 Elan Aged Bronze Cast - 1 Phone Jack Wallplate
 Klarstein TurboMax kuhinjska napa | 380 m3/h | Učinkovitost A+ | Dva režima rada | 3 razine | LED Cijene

--

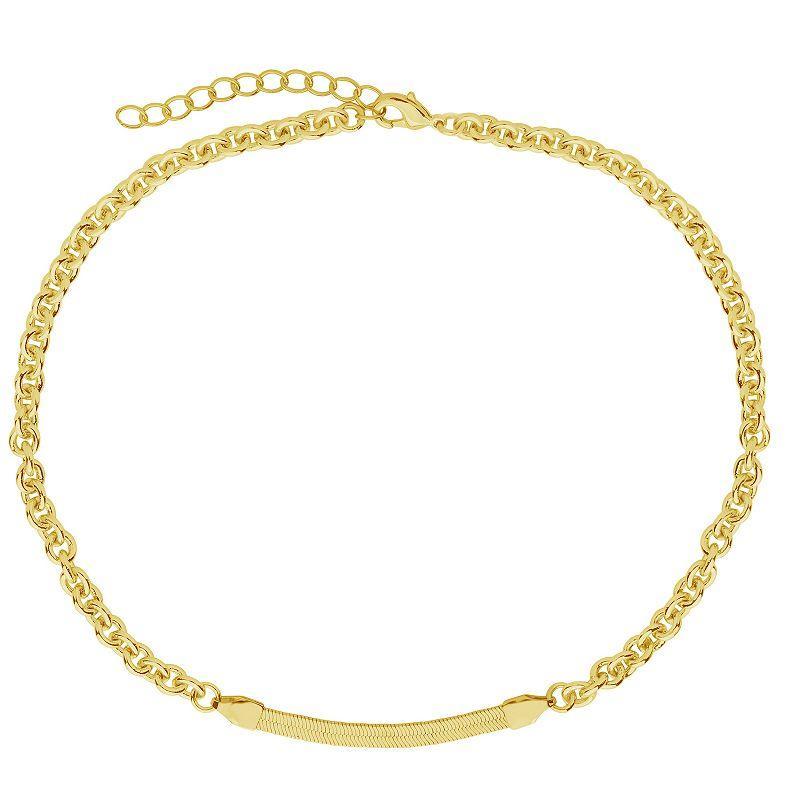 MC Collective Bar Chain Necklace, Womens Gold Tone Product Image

**What you will do:**
Output only an exact transcription of the lines above from the one with "Elan Aged Bronze" up to and including the one with "Klarstein TurboMax kuhinjska".

**Exercise result:**
 Elan Aged Bronze Cast - 1 Phone Jack Wallplate
 Klarstein TurboMax kuhinjska napa | 380 m3/h | Učinkovitost A+ | Dva režima rada | 3 razine | LED Cijene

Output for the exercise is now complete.